*PROVIDED INFORMATION*.
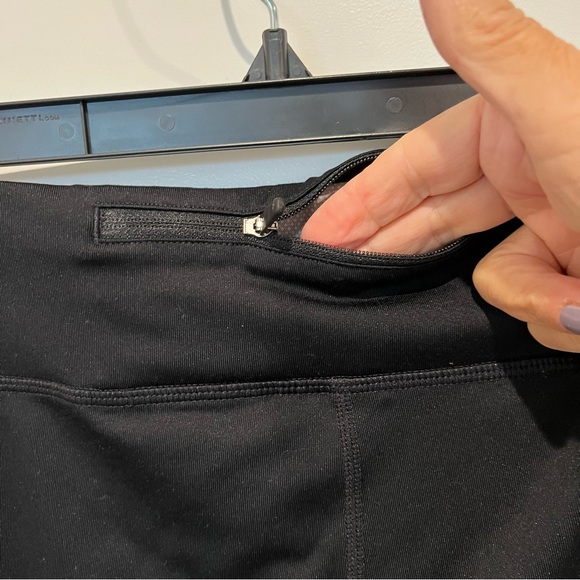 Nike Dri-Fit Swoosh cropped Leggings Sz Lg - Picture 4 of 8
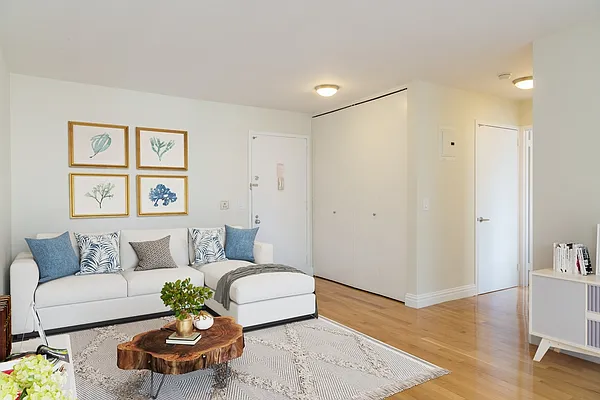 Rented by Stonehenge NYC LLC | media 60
--
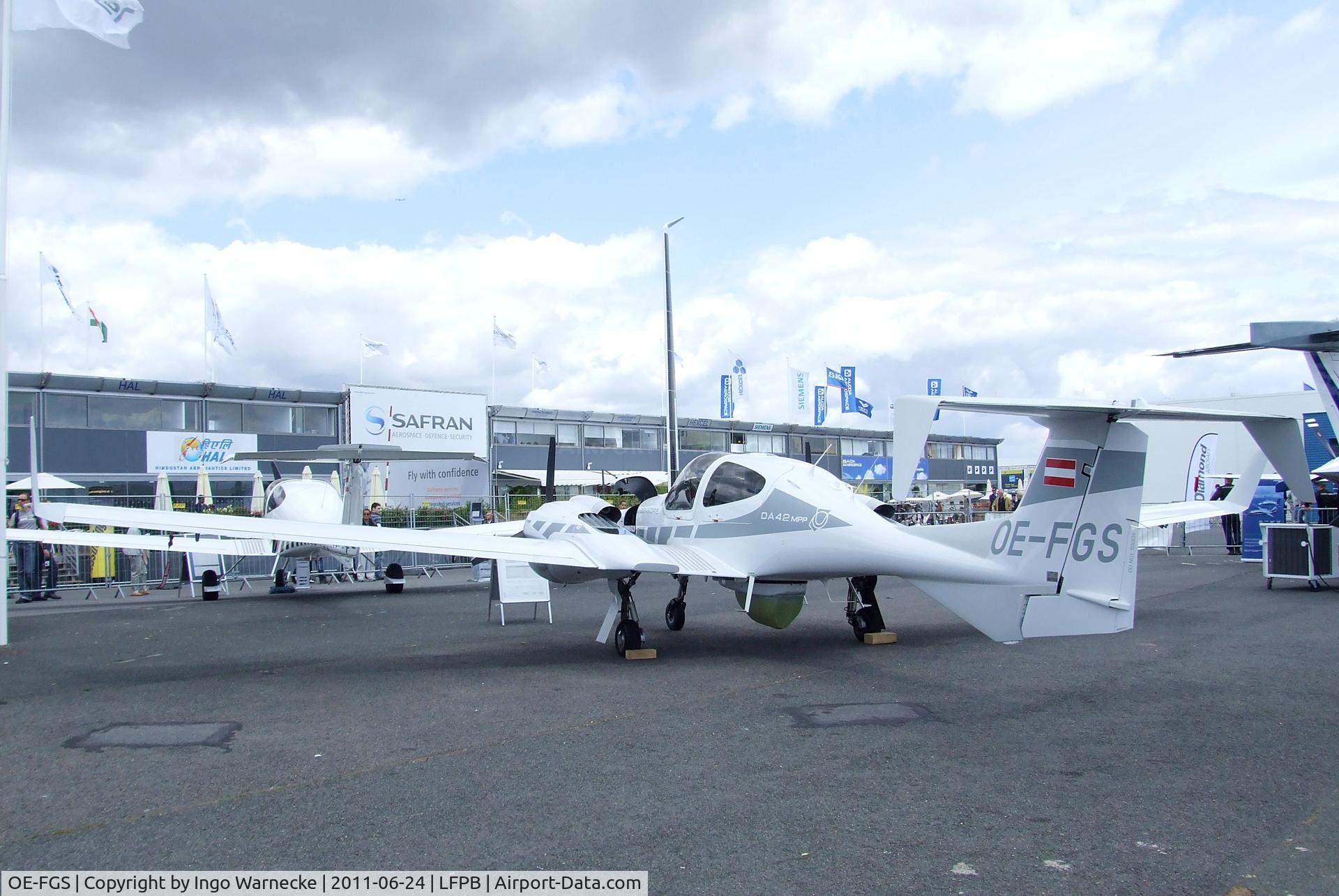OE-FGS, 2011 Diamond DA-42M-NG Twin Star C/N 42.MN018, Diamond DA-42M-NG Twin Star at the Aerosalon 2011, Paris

*EXERCISE PROMPT*. Taking the entries above, copy word for word the lines from the one with "Nike Dri-Fit Swoosh" up to and including the one with "Rented by Stonehenge NYC LLC | media 60", without any picture.

*THE ANSWER*.
 Nike Dri-Fit Swoosh cropped Leggings Sz Lg - Picture 4 of 8
 Rented by Stonehenge NYC LLC | media 60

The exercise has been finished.